Work to be completed – What is needed is an exact copy of the data below, pictures excluded.

'''

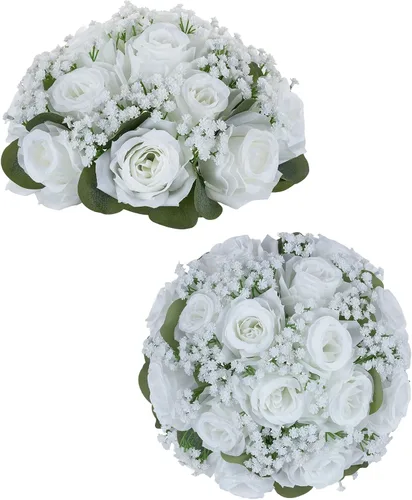 Vista 10 de BLOSMON Bolas de Flores Falsas Centros de Mesa de Boda 2 Piezas Rosa Carmesí Respiración de Bebé Flores Artificiales Piezas Centrales Decoración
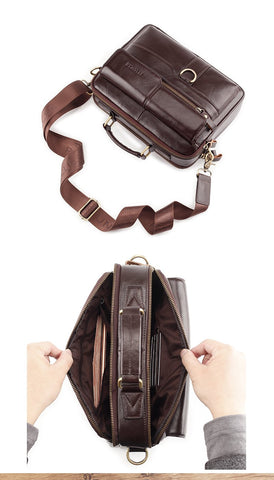 Genuine Leather Bag For Document Men Shoulder Travel-BS00460-Veeddydropshipping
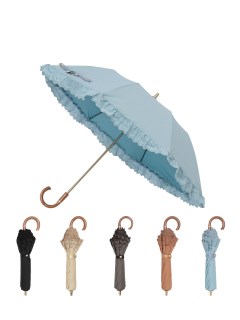 日傘】グレイシー (GRACY) アイレッドレースフリル 折りたたみ傘【公式 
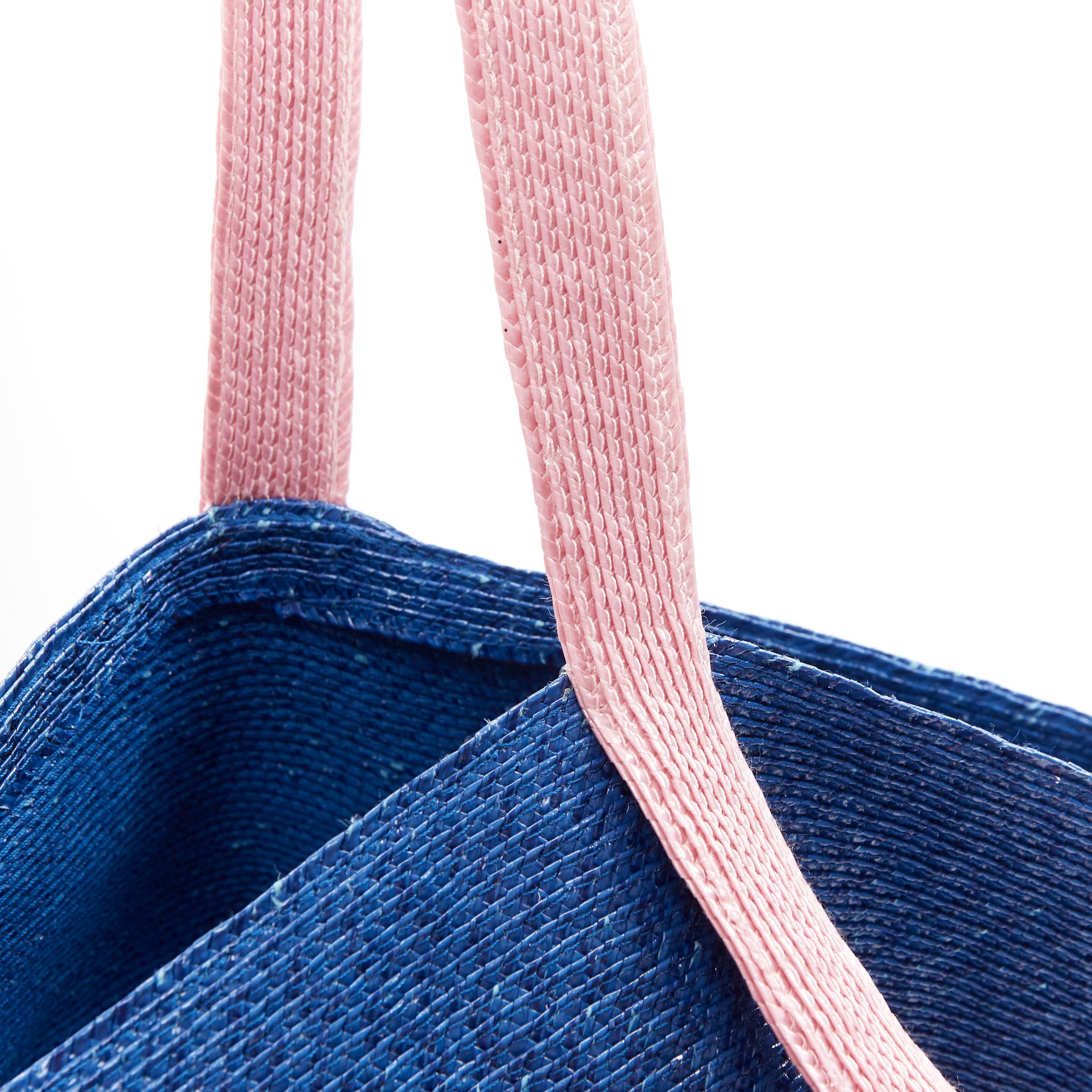 new ROSIE ASSOULIN Jug sculptural pink blue flared raffia woven basket bag For Sale 5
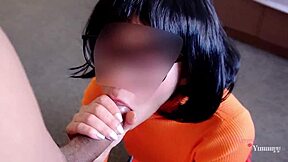 Velma accidentally drops her glasses during cosplay in a homemade Mexican teacher fetish scene. She ends up sucking a big cock and getting penetrated doggystyle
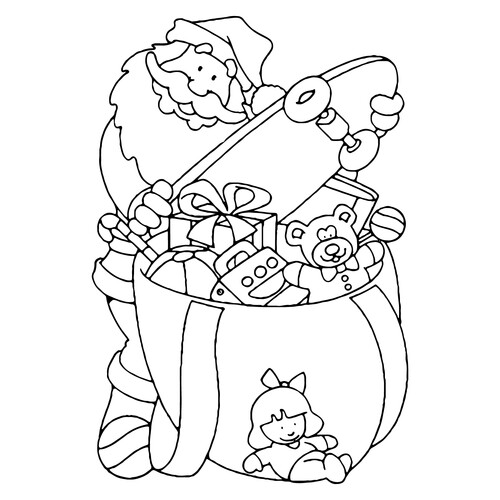 Dibujo para colorear: Ded Moroz (Papá Noel ruso) regala un monopatín dibujo para colorear gratis de Páginas para colorear de Ded Moroz (Дед Мороз)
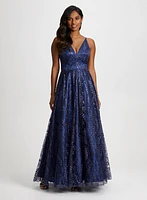 Robe longue à paillettes et poches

'''

Solution below –
 Vista 10 de BLOSMON Bolas de Flores Falsas Centros de Mesa de Boda 2 Piezas Rosa Carmesí Respiración de Bebé Flores Artificiales Piezas Centrales Decoración
 Genuine Leather Bag For Document Men Shoulder Travel-BS00460-Veeddydropshipping
 日傘】グレイシー (GRACY) アイレッドレースフリル 折りたたみ傘【公式 
 new ROSIE ASSOULIN Jug sculptural pink blue flared raffia woven basket bag For Sale 5
 Velma accidentally drops her glasses during cosplay in a homemade Mexican teacher fetish scene. She ends up sucking a big cock and getting penetrated doggystyle
 Dibujo para colorear: Ded Moroz (Papá Noel ruso) regala un monopatín dibujo para colorear gratis de Páginas para colorear de Ded Moroz (Дед Мороз)
 Robe longue à paillettes et poches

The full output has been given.